* [ASSIGNMENT]: Set down, word for word, every line of the material below from the one containing "Godinger Gold Footed" through the one containing "2010 Mazda 3", but none of its pictures.

* [INPUT]:
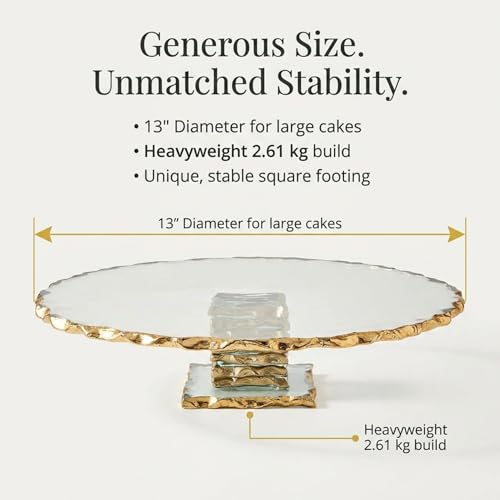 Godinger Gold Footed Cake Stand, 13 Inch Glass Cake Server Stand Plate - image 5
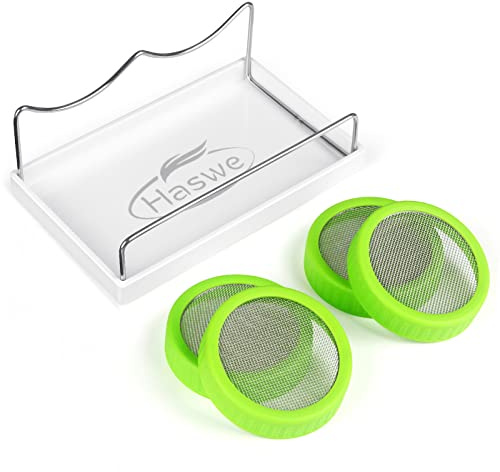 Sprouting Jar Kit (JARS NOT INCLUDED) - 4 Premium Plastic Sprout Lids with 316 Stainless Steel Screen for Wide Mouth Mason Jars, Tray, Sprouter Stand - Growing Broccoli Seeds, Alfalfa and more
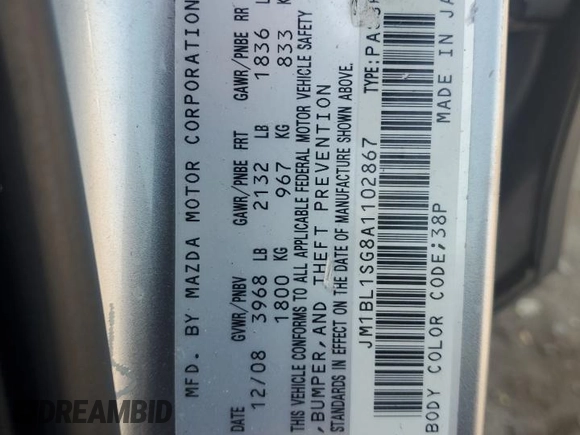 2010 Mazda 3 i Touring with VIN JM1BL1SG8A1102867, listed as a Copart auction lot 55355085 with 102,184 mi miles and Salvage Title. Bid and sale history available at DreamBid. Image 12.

* * *

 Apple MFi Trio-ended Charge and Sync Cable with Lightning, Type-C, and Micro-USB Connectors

* [REPLY]:
 Godinger Gold Footed Cake Stand, 13 Inch Glass Cake Server Stand Plate - image 5
 Sprouting Jar Kit (JARS NOT INCLUDED) - 4 Premium Plastic Sprout Lids with 316 Stainless Steel Screen for Wide Mouth Mason Jars, Tray, Sprouter Stand - Growing Broccoli Seeds, Alfalfa and more
 2010 Mazda 3 i Touring with VIN JM1BL1SG8A1102867, listed as a Copart auction lot 55355085 with 102,184 mi miles and Salvage Title. Bid and sale history available at DreamBid. Image 12.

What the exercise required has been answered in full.